Do you want to earn more, learn to invest money, or pay off your house? Find ways to gamify your experience so you can have fun while reaching your biggest financial goals.
You and money phrase 4
Money does grow on trees.
You’ve probably heard the phrase from your parents when you were young, “Money does not grow on trees.”
This was likely a response from your parents whenever you asked for money or wanted an expensive pair of shoes.
The idea behind this phrase is that in order to have money, you need to work hard.
The idea that money can just appear out of thin air was seen a laughable. It seems to make sense since most of us have jobs where we have to show up, punch in, and sit behind a desk for 8 hours a day in order to “earn” money.
We work hard for our money.
But the people who have the most money barely work for it.
The money works for them through the power of investing and ownership. You can start thinking like an investor or owner by thinking of ways you can earn what career expert Dan Miller calls SWISS (Sales While You Sleep Soundly) dollars.
How can you leverage your knowledge, expertise, and know how in a way that produces SWISS dollars?

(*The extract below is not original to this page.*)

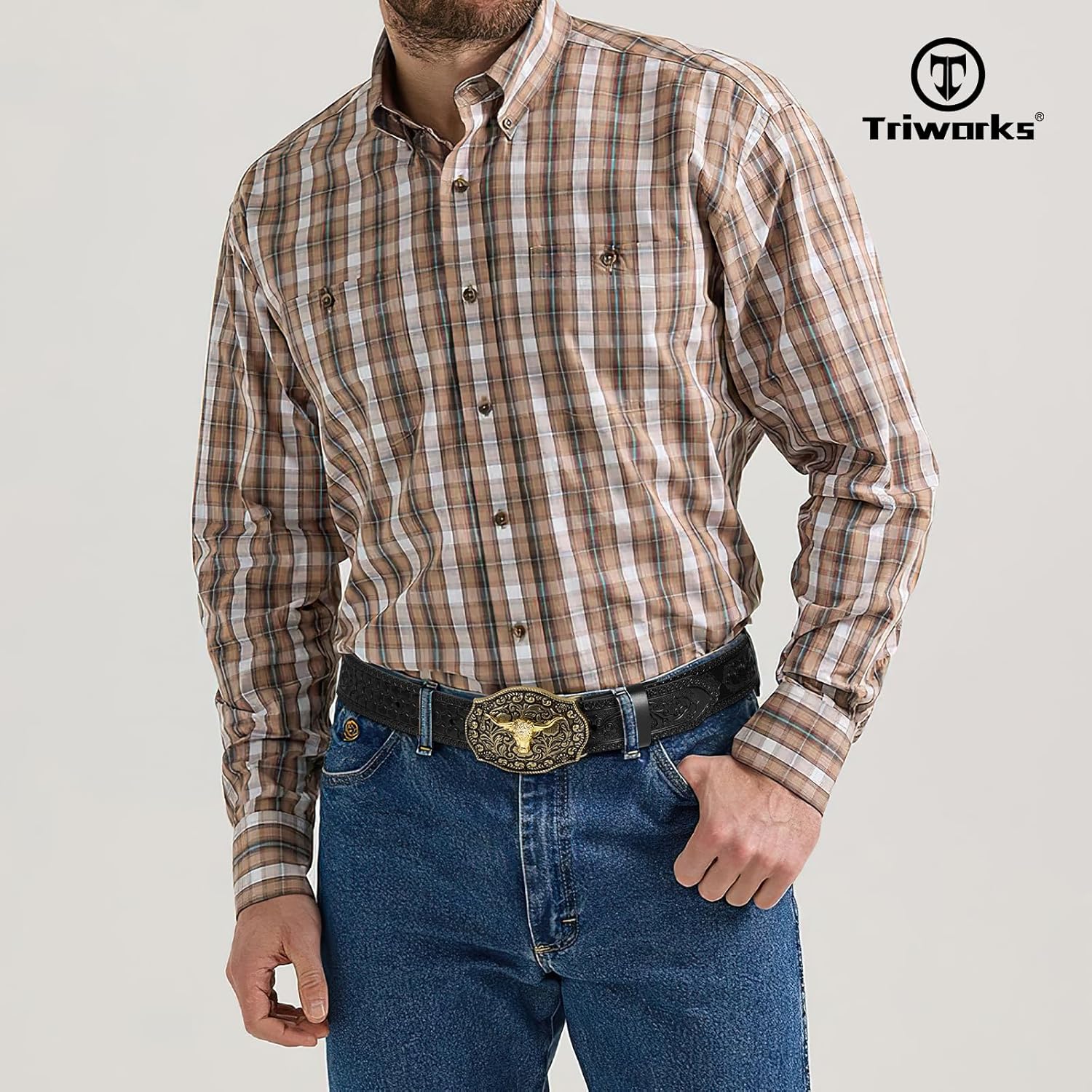TRIWORKS Western Cowboy Leather Belt for Men Women Cowgirl, Western Buckle Belt for Jeans - Image 2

Many people have turned to creating online courses as a way of doing just that. Once you’ve figured out how to leverage what you know, you’ll no longer subscribe to the belief that money does not grow on trees.
You and money phrase 5
There’s more where that came from.
I first became aware of this phrase from blogger and online entrepreneur Michael Hyatt. He credits this mindset of abundance to his wife, Gail, who developed this attitude as an overall way of life.
Before hearing this perspective, making large purchases was always stressful. It would be stressful to see the bank balance go down. I would feel financially and emotionally vulnerable, even if there was plenty of money in the bank left.
Then I just started applying the principle of abundance whenever I felt the stress by saying, “There’s more where that came from.” That simple phrase helped me manage my worry and challenge my scarcity mindset around money.
Now I experience gratitude for always having what I need.
Make money your friend
If you keep these 5 phrases in mind, you will transform your relationship with money.
Instead of being your enemy, money will become your friend.
It will show up in your life effortlessly and you will use it effectively to improve your life and the lives of others.